Start of Exercise data
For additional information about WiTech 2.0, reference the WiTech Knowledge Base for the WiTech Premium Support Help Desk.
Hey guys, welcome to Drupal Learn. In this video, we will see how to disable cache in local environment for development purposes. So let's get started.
End of Exercise data
Start of Exercise data
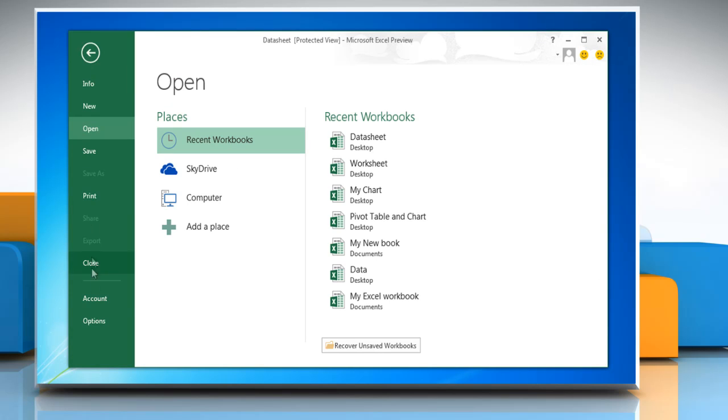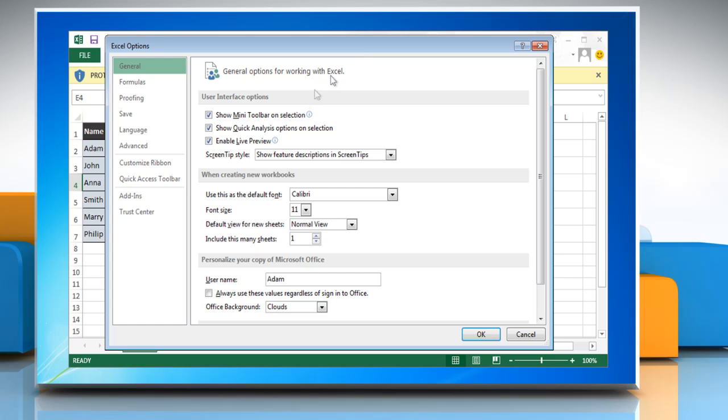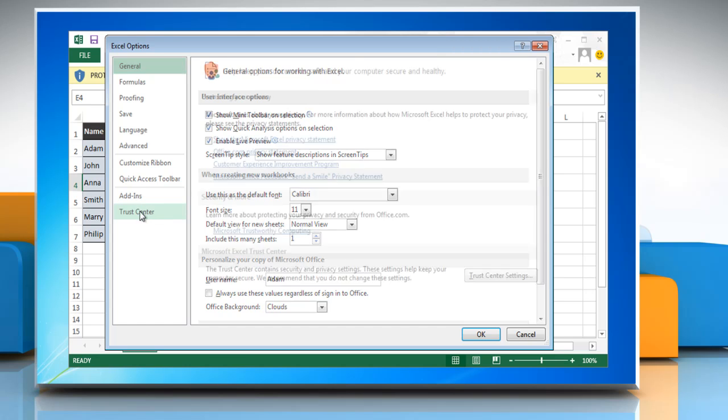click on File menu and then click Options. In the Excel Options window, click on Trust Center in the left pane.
End of Exercise data
--- What to work on ---
Could you transcribe the entries above word for word, from the line with "For additional information" down to the line with "Hey guys, welcome", keeping both?

--- Reply to the exercise ---
For additional information about WiTech 2.0, reference the WiTech Knowledge Base for the WiTech Premium Support Help Desk.
Hey guys, welcome to Drupal Learn. In this video, we will see how to disable cache in local environment for development purposes. So let's get started.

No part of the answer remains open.